Healthy churches have worked hard to be doctrinally sound and culturally astute. In other words, to reach people for the gospel, you must first know where the people are. You can’t lead a person from Point A (where they are) to Point B (a life transformed in Christ) if you don’t know where Point A is in the first place.

As far back as the Great Awakening, healthy churches have taken time to know the people they were reaching and adjusted accordingly.

Although the church’s face has changed over the past 150 years or so, a prevailing assumption has remained consistent. During that time, leaders have always assumed undervaluing the gospel was the reason people didn’t seek Christ. People were not against Jesus; they just allowed worldly values to out-prioritize him.

Therefore, while evangelism took different shapes and forms, the goal was the same: to get someone to make Jesus his or her top priority.

Methods like, “When you die, are you going to heaven or hell?” presume that people believe in heaven and need help getting their priorities in order. Similarly, when the modern church entered the scene, it often focused on being contemporary, laid back and relevant. It delivered sermons on life application and offered cool worship in hopes the visiting nonbeliever would say, “This was fun, my kids love it and I learned something today. That can’t be bad, right?”

Take a look at the New Testament. You’ll see just how much the church can thrive in a world that started off seeing no value in Christ.

People want to make a difference in the world, so churches became missional in the hopes people would say, “Well, I guess changing the world through my local church is as good a way as any.”

All that has changed.

The problem is, for the first time in 150 years, the prevailing assumption has changed. Nonbelievers have shifted from thinking the church, or even Christ, is a low priority to saying, “This religion may not even be healthy for me, much less for my children!”

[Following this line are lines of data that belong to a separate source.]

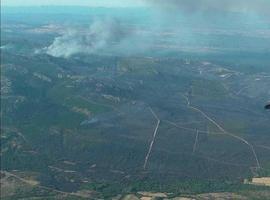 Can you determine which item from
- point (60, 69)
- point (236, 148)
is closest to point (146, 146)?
point (236, 148)

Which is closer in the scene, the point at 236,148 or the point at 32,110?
the point at 236,148

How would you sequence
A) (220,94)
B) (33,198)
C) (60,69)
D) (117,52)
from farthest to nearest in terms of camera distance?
1. (117,52)
2. (60,69)
3. (220,94)
4. (33,198)

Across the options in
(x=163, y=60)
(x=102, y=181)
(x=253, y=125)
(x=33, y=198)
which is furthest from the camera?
(x=163, y=60)

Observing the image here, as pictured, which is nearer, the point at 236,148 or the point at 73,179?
the point at 73,179

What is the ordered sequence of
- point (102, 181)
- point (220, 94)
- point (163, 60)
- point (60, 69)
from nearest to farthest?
point (102, 181) < point (220, 94) < point (60, 69) < point (163, 60)

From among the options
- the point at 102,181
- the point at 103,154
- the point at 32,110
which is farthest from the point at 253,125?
the point at 32,110

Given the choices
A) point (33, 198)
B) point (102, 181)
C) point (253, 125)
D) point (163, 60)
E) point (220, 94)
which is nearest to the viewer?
point (33, 198)

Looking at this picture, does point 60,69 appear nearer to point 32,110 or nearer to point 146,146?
point 32,110

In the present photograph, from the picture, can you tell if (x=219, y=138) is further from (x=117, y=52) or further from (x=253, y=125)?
(x=117, y=52) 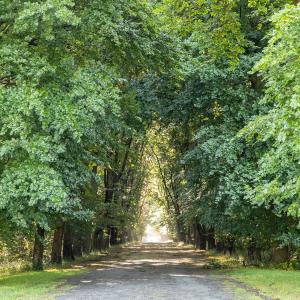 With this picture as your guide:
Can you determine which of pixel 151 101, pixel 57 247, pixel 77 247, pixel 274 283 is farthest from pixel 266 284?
pixel 77 247

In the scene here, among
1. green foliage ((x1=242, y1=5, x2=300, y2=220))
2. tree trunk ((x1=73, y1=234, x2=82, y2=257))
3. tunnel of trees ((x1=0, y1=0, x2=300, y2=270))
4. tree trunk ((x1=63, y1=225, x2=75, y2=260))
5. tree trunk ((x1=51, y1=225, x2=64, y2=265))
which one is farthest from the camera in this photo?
tree trunk ((x1=73, y1=234, x2=82, y2=257))

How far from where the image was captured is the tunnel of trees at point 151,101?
36.6 feet

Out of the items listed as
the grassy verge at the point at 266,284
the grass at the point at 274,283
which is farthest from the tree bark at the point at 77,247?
the grass at the point at 274,283

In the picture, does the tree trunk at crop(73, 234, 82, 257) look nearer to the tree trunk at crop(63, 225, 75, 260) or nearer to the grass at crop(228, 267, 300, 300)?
the tree trunk at crop(63, 225, 75, 260)

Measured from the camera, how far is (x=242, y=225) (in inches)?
826

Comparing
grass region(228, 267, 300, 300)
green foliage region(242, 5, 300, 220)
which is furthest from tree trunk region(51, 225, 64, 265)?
green foliage region(242, 5, 300, 220)

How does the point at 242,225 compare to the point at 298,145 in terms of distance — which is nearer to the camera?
the point at 298,145

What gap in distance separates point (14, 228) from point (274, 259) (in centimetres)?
1317

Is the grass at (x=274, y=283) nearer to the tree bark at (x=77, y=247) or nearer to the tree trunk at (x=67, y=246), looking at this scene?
the tree trunk at (x=67, y=246)

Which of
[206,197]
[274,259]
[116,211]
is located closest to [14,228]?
[206,197]

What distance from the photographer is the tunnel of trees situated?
1115 centimetres

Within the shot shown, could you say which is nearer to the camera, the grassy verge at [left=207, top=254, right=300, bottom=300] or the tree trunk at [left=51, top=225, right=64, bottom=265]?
the grassy verge at [left=207, top=254, right=300, bottom=300]

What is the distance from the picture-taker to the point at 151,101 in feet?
70.3

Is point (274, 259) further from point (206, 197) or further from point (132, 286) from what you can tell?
point (132, 286) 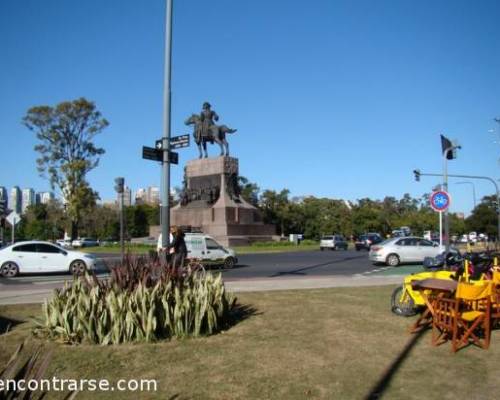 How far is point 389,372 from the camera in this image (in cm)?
540

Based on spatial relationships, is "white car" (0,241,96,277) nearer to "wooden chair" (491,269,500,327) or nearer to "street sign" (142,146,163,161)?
"street sign" (142,146,163,161)

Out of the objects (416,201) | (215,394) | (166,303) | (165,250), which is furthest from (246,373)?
(416,201)

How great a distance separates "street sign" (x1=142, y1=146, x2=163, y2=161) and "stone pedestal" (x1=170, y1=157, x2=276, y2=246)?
26266mm

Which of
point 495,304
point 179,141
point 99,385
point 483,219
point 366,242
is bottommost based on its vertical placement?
point 99,385

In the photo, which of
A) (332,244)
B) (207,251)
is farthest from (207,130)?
(207,251)

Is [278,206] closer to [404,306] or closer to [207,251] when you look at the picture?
[207,251]

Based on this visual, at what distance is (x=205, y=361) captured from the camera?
19.2 ft

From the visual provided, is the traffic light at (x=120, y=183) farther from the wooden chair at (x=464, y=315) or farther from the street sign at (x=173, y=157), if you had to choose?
the wooden chair at (x=464, y=315)

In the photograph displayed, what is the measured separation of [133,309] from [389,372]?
3497 millimetres

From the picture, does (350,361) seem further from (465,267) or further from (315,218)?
(315,218)

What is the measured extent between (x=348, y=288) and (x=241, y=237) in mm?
26409

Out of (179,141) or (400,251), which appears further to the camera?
(400,251)

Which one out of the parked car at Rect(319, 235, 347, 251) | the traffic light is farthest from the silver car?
the parked car at Rect(319, 235, 347, 251)

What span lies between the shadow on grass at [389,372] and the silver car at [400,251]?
619 inches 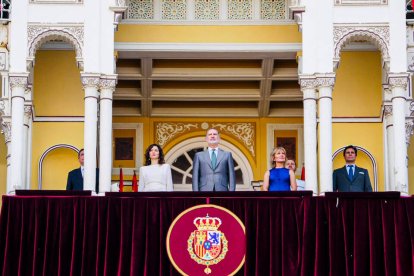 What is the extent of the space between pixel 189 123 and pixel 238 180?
1584 millimetres

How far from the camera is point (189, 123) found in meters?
22.8

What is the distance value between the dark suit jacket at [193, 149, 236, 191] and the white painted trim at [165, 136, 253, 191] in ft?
21.8

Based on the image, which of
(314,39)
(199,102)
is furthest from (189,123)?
(314,39)

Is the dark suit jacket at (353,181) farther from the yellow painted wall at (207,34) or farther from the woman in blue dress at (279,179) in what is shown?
the yellow painted wall at (207,34)

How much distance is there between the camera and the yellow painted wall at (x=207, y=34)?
67.5 feet

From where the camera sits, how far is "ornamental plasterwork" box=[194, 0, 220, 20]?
20.7 metres

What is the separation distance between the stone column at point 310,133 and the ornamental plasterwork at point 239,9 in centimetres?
300

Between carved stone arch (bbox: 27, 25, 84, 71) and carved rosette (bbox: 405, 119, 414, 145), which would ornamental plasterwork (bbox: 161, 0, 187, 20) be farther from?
carved rosette (bbox: 405, 119, 414, 145)

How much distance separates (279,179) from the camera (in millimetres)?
15508

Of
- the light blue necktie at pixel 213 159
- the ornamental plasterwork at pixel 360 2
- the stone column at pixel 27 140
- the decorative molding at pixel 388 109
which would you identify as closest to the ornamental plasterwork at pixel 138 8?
the stone column at pixel 27 140

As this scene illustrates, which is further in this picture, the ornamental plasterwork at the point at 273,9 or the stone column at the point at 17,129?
the ornamental plasterwork at the point at 273,9

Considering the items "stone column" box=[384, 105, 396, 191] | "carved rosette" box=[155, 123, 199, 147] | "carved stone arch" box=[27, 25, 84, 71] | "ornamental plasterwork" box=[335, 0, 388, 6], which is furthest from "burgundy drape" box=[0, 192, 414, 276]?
"carved rosette" box=[155, 123, 199, 147]

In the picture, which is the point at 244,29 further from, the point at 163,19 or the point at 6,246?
the point at 6,246

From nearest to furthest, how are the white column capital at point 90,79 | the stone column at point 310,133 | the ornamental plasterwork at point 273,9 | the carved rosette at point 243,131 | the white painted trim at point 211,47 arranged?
the stone column at point 310,133 → the white column capital at point 90,79 → the white painted trim at point 211,47 → the ornamental plasterwork at point 273,9 → the carved rosette at point 243,131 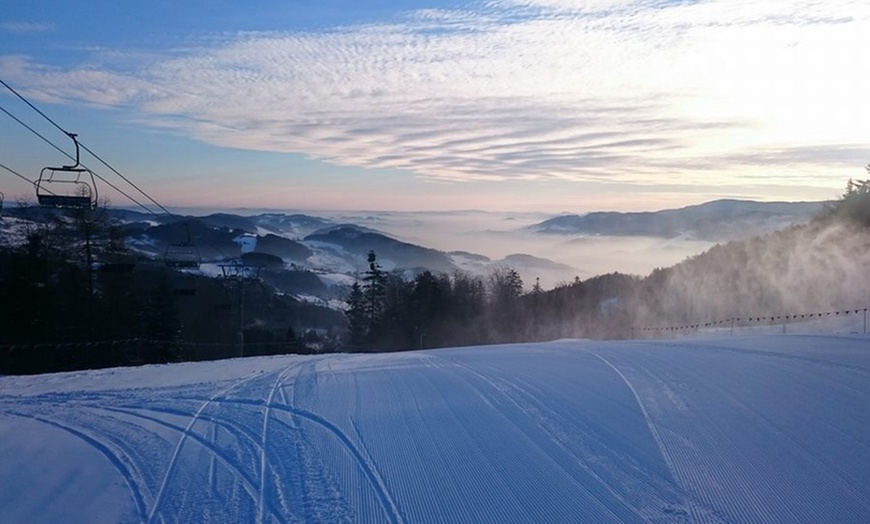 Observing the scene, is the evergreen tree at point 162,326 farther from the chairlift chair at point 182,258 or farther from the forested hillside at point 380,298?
the chairlift chair at point 182,258

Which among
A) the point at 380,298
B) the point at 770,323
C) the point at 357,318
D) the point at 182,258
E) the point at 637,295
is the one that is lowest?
the point at 357,318

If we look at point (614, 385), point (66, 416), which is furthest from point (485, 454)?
point (66, 416)

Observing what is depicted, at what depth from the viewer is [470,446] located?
10258mm

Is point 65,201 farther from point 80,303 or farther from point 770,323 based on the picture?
point 770,323

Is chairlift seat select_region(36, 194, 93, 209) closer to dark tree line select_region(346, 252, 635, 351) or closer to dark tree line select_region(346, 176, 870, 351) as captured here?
dark tree line select_region(346, 176, 870, 351)

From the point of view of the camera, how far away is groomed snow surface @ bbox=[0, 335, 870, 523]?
7949 millimetres

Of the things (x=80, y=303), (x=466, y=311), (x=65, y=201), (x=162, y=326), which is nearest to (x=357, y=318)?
(x=466, y=311)

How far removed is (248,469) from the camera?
948 cm

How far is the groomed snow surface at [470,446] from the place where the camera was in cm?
795

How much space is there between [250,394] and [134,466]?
5.29 m

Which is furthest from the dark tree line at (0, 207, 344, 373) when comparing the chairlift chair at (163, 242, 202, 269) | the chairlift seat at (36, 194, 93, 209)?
the chairlift seat at (36, 194, 93, 209)

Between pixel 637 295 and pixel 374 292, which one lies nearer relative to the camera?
pixel 637 295

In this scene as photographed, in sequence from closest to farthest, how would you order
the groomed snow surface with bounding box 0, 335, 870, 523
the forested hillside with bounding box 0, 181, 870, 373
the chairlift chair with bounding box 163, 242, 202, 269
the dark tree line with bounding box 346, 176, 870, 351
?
the groomed snow surface with bounding box 0, 335, 870, 523
the chairlift chair with bounding box 163, 242, 202, 269
the forested hillside with bounding box 0, 181, 870, 373
the dark tree line with bounding box 346, 176, 870, 351

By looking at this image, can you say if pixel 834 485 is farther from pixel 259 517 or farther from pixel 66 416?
pixel 66 416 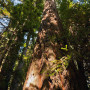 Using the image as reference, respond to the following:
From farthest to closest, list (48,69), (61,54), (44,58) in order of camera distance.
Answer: (61,54) < (44,58) < (48,69)

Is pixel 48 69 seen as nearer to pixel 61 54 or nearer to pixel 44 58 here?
pixel 44 58

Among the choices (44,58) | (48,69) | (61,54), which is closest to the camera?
(48,69)

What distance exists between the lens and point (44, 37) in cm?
281

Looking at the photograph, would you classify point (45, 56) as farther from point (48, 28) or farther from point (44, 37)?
point (48, 28)

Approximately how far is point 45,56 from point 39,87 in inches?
30.7

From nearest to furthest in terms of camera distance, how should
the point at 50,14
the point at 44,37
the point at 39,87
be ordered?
1. the point at 39,87
2. the point at 44,37
3. the point at 50,14

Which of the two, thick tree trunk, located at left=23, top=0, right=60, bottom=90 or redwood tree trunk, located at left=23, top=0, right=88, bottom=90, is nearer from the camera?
redwood tree trunk, located at left=23, top=0, right=88, bottom=90

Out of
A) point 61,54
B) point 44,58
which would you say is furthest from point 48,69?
point 61,54

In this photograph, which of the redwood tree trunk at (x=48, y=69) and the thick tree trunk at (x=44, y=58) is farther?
the thick tree trunk at (x=44, y=58)

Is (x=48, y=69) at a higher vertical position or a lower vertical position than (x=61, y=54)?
lower

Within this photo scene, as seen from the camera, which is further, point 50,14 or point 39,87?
point 50,14

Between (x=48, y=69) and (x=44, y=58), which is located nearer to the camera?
(x=48, y=69)

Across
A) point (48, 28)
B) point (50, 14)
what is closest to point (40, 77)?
point (48, 28)

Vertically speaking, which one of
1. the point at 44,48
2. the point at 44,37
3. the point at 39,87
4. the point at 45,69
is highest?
the point at 44,37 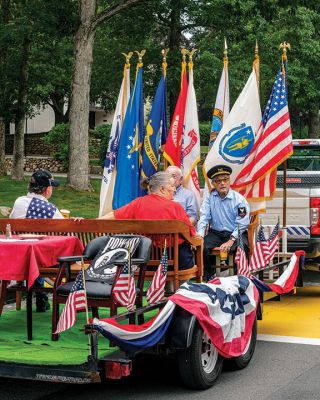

Understand, I am not saying this is fair. I am just helping us see that Point A has radically shifted. If we are going to lead people to Christ (Point B), we must better understand the new Point A.

Failure to understand the new Point A not only affects how we approach evangelism but the very fabric of local church programing. For example, when my children were young, I didn’t care how relevant and applicable the places of worship of the Muslim, Mormon or Jehovah’s Witness were; I did not (and still don’t) believe they were healthy for my children or me.

For many nonbelievers today, Christianity has entered into that same category — considered unhealthy.

How did this happen? Constant unfavorable news reports? Pervasive scandals in the church? Multiple family generations now removed from the church (even my grandma didn’t go to church)? Worldly values growing further from Christian values? Pluralism? Hypocrisy? Politics? People no longer convinced that the church has the answer during bad times?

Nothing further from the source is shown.